» Problem to solve
Please write out exactly the line containing "Rabbit And Cloud Pattern Print Quilt Bed Set" below and every line after it, through the last one, but leave out any pictures.

[Brief descriptive captions]

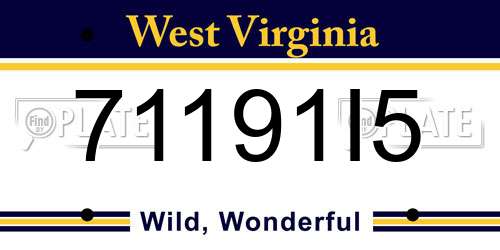 71191I5 West Virginia License Plate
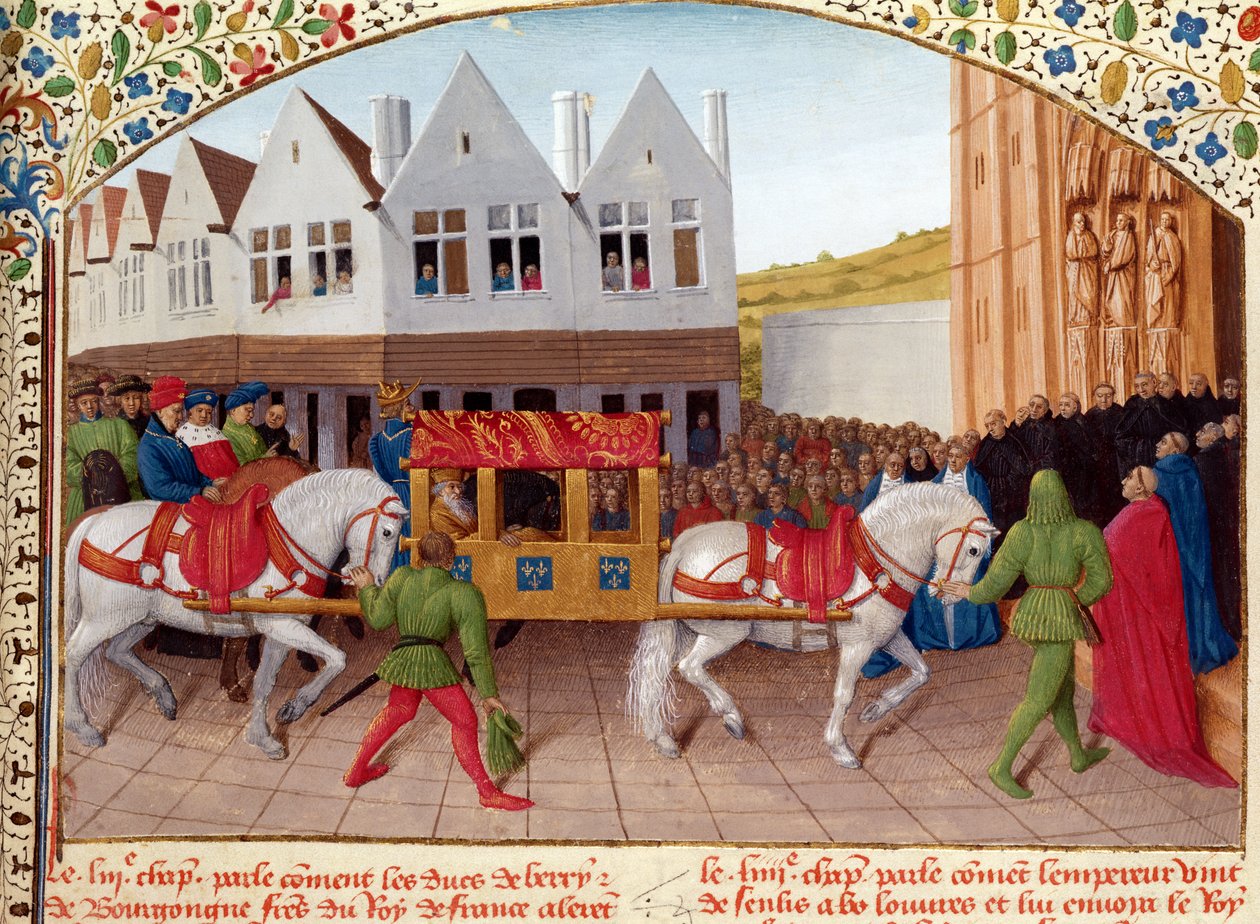 Ms Fr 6465 fol.442 Keisari Kaarle IV:n (1316-78) saapuminen Basilica St. Denis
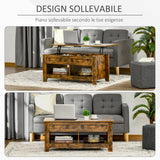 easycomfort easycomfort tavolino da salotto in stile industriale con vano contenitore e piano sollevabile in legno marrone rustico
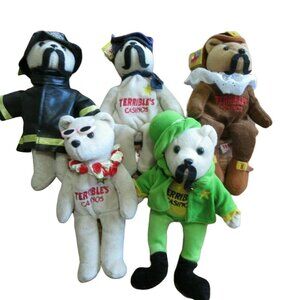 Lot of 5 Pahrump Terrible's Casino Plush Bears  2002/2003 series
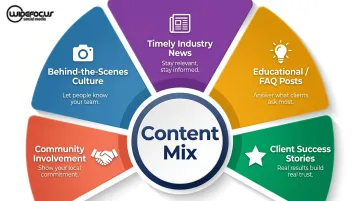 Five content pillar types for insurance agency social media posts infographic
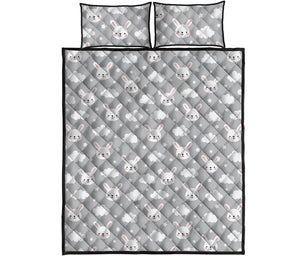 Rabbit And Cloud Pattern Print Quilt Bed Set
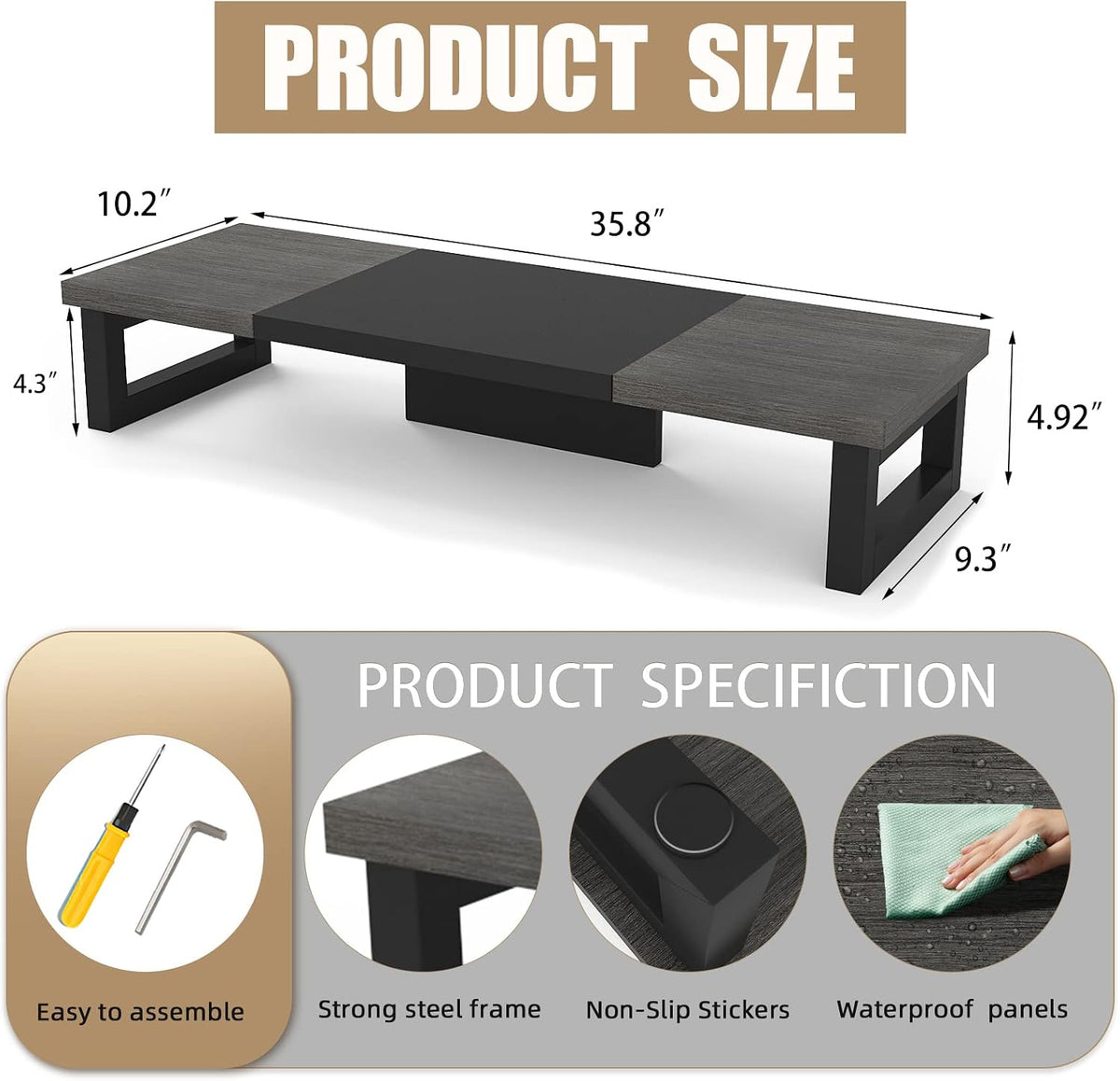 Dual Monitor Stand Riser, Wood and Steel Multi-Purpose Desktop Storage Stand for 2 Monitors for Computer, Laptop, Printer, TV, Rustic Brown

» Response area
 Rabbit And Cloud Pattern Print Quilt Bed Set
 Dual Monitor Stand Riser, Wood and Steel Multi-Purpose Desktop Storage Stand for 2 Monitors for Computer, Laptop, Printer, TV, Rustic Brown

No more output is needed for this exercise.